*** Opening of EXCERPTED RECORDS ***
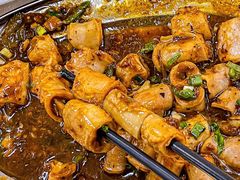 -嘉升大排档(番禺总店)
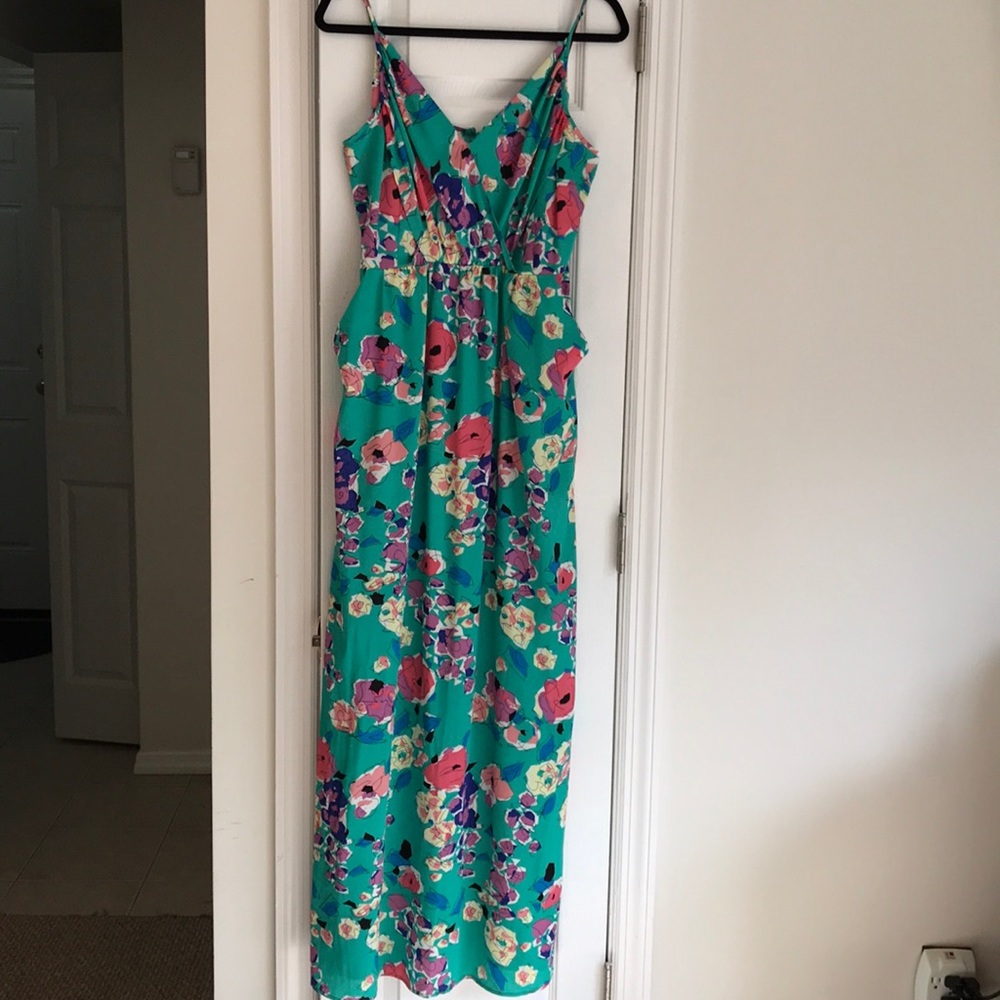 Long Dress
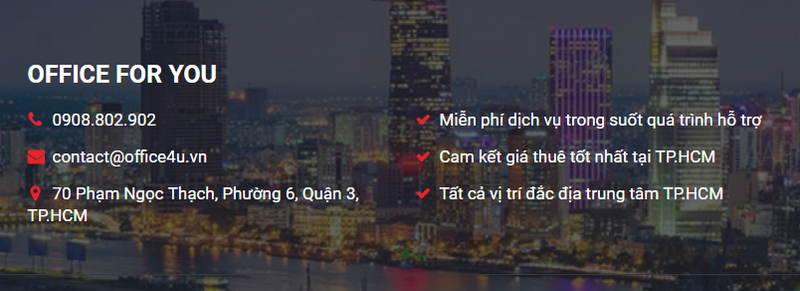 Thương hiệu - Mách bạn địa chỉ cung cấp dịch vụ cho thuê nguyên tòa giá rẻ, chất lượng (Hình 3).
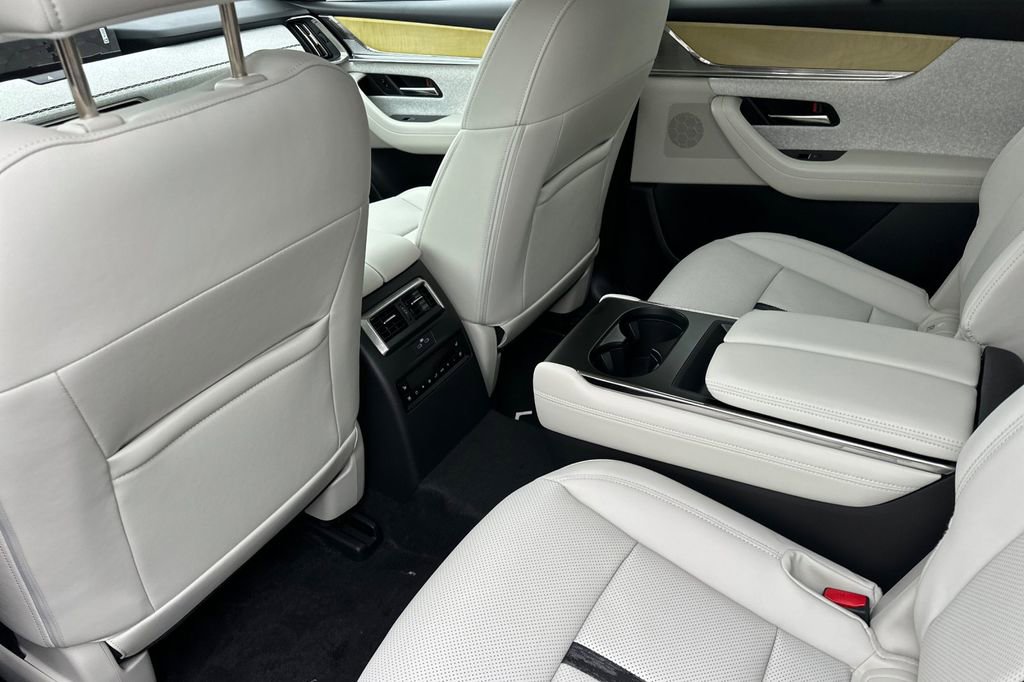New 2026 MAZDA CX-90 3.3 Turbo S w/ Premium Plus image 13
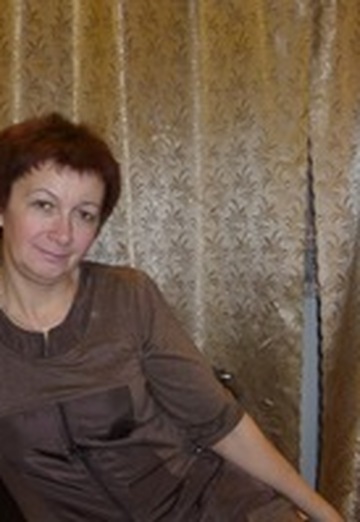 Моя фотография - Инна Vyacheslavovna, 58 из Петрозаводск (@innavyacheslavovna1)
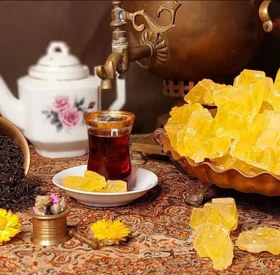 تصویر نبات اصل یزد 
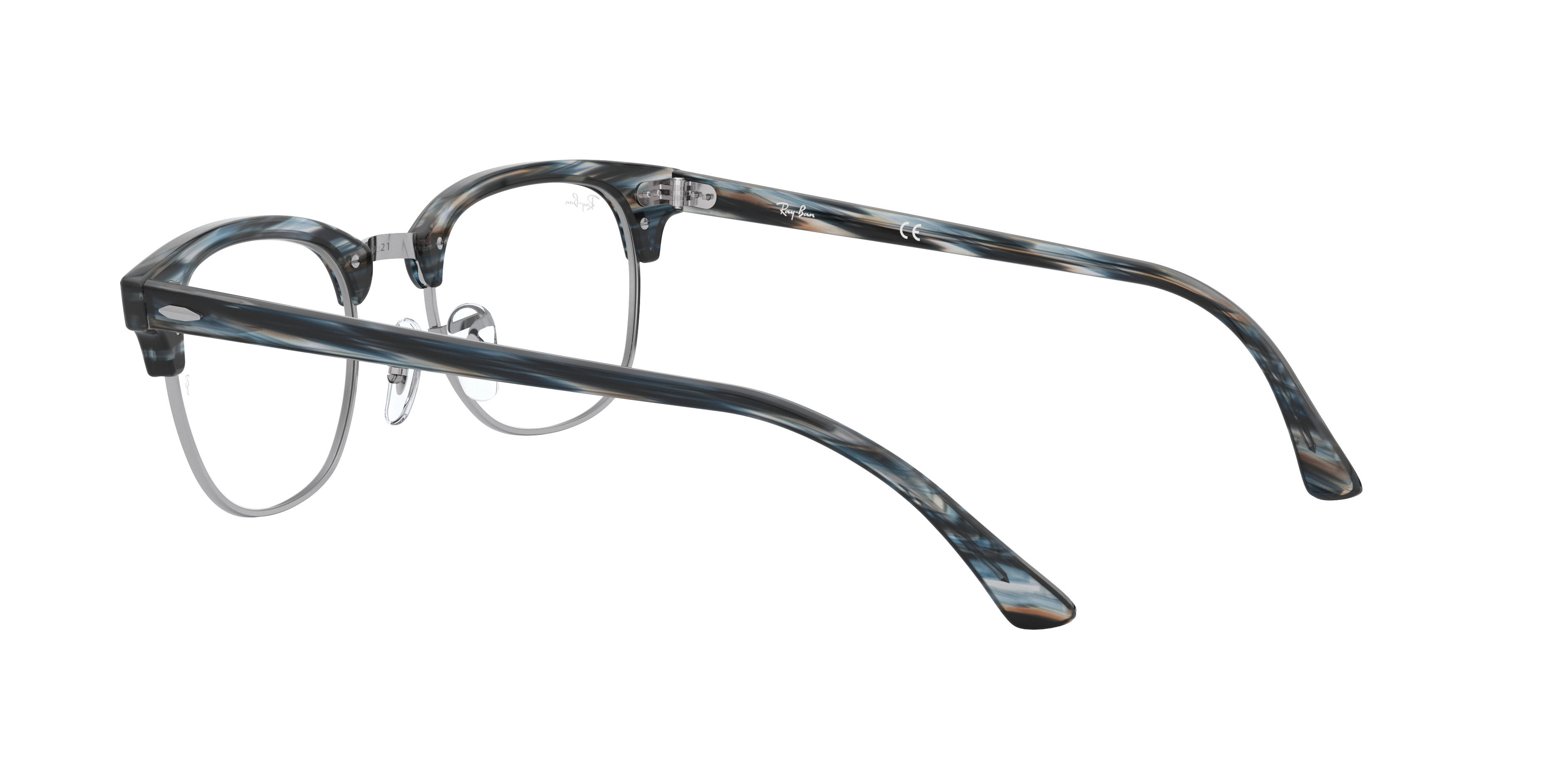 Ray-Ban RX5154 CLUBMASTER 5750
*** Close of EXCERPTED RECORDS ***
*** Opening of EXCERPTED RECORDS ***
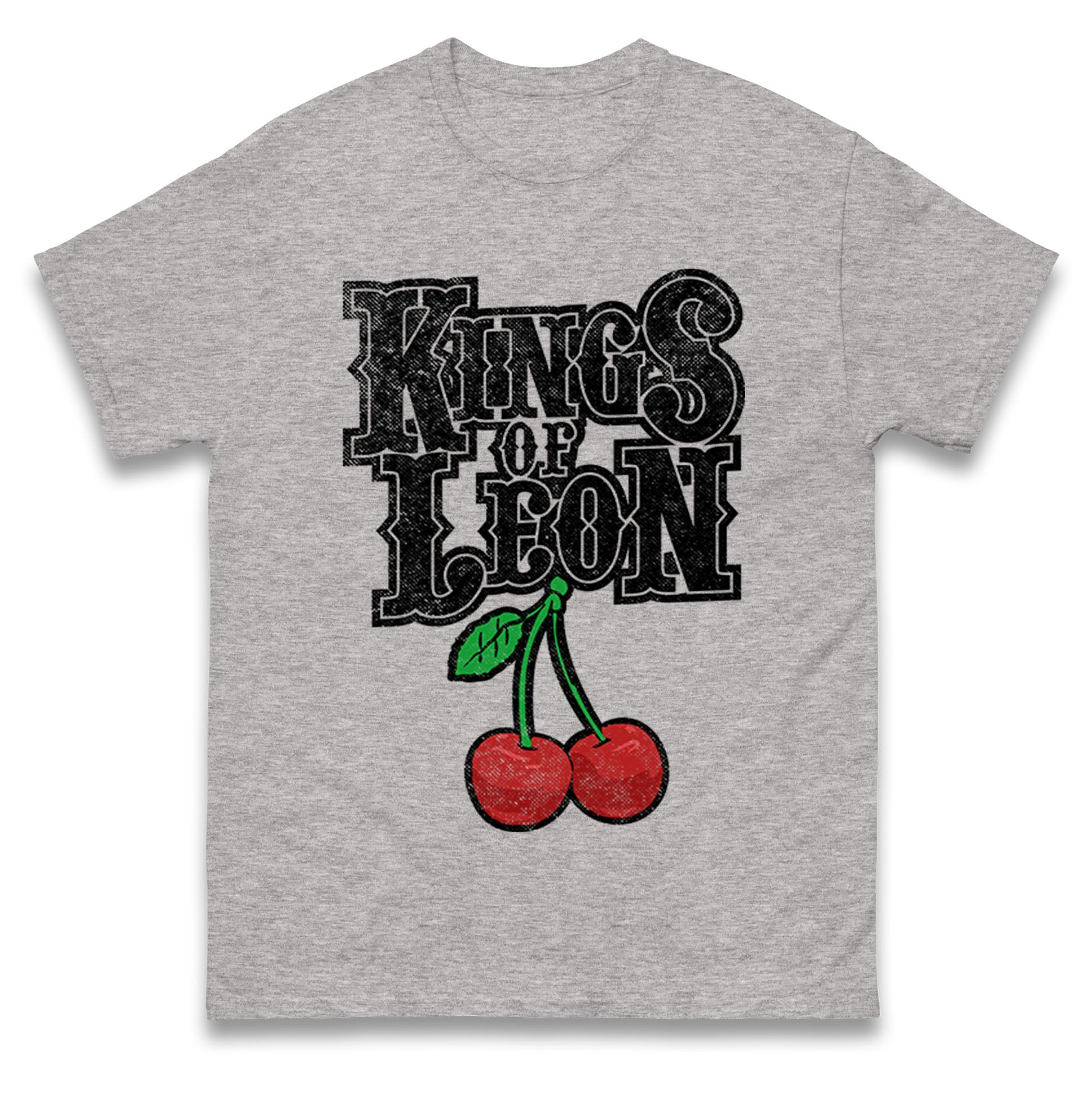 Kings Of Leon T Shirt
*** Close of EXCERPTED RECORDS ***
▶ **TASK DETAILS**: Taking the records above, print only and exactly the lines from the line with "تصویر نبات اصل یزد" to the line with "Ray-Ban RX5154 CLUBMASTER 5750", both kept, and exclude pictures.

▶ **EXERCISE RESPONSE**:
 تصویر نبات اصل یزد 
 Ray-Ban RX5154 CLUBMASTER 5750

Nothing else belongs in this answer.